The auditory model to be investigated is the Auditory Image Model (AIM) introduced by Patterson et al. (1994). The auditory image is based on a computational model of the inner ear that models the cochlea as a bank of ``gammatone'' filters, followed by a two dimensional adaptation component that acts as a transducer, mapping the simulated cochlear motion into a multi-channel pattern of activity representing the neural spike train flowing from the cochlea to the cochlea nucleus. This spike train is an unstable or periodic pattern. The auditory image stabilises the representation by carrying out an adaptive temporal integration process. This periodicity-sensitive temporal integration is triggered by spike train activity in each channel, and results in a stable auditory image, that does not smear out the temporal fine structure (unlike a non-adaptive moving average form of integration).

The cost of the AIM is the increased data rate. A typical auditory image may use 100 channels, with several hundred time domain samples at each channel. With a new image computed every 20ms (for example) this results in a data rate three orders of magnitude larger than currently used front ends. Preliminary investigations in which the AIM has been used for speech recognition have reduced the data by averaging and downsampling, thus losing much of the information contained in the fine structure of the image. The goal of this research is to develop methods that can substantially reduce the data rate, while retaining information contained in the fine structure.

Although the proposal is directed towards developing {\it automatic} methods, it is crucial that any prior knowledge about the problem is used correctly. Auditory images have a good deal of structure. We may separate this into structure within an image, and the structure of successive images. An individual auditory image possesses two basic types of structure, horizontal and vertical. The horizontal structure of an image corresponds to the activity in each individual channel, whereas the vertical structure contains pitch information. There is a great deal of continuity between images: the breakdown of this continuity signals some kind of auditory transition (or auditory event in the language of Morgan et al. (1994)). Here, we propose to model both the ``static'' and ``dynamic'' structure of auditory images.

Static Structure: We may regard the development of lower dimensional representations of auditory images as a coding problem. Simple methods, that do not capture the fine structure include averaging and principal components analysis which seeks projections in the directions of maximum variance.
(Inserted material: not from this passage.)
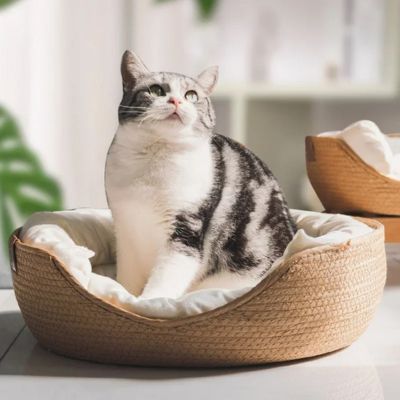 panier-pour-chat-roticat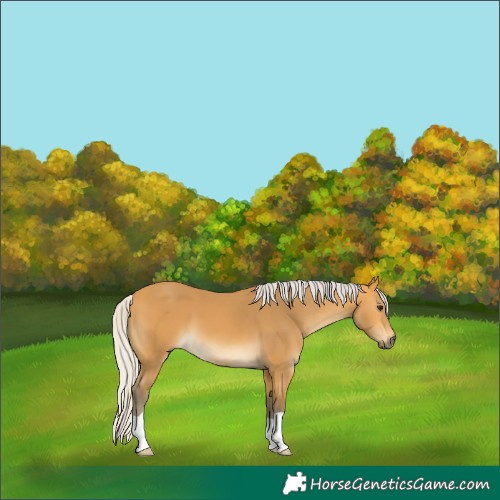 Horse Color:Silver Buckskin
We propose to investigate more powerful nonlinear techniques. In neural population coding, the inferred representation is given by the units of a neural network autoencoder (Zemel and Hinton, 1994). In addition to having a location in the input image space, each hidden unit has a location in a lower dimensional {\it implicit space}. A possible implicit space for auditory images might be pitch, loudness, timbre and rhythm. In the proposed method however, the dimensionality of the implicit space is specified, but its basis is inferred from the data, along with the other parameters. The prior information about the structure of auditory images can be incorporated by developing an appropriate prior probability distribution that reflects the horizontal and vertical structure. This prior is then applied as a regularization term during inference.

Dynamic Structure: The structure of a sequence of auditory images may be modelled by neural networks trained as predictors. When the prediction breaks down (has a large error) is an indication that a significant auditory transition has occured. We may use this information to produce a variable image rate sequence, in which images that may be predicted from the previous image are discounted as providing no new information. This approach follows is related to the stochastic event-based model of Morgan et al. (1994).

The proposed research is highly novel. Detailed auditory models have not been used in speech recognition due to the high data rate that is seemingly inherent in their detailed structure. It is proposed to investigate recently reported nonlinear methods to perform a reduction in data rate, while retaining information contained in the structure of auditory images. If successful, this research could have a substantial impact in widening the scope of speech recognition to noisy situations and situations with multiple sources.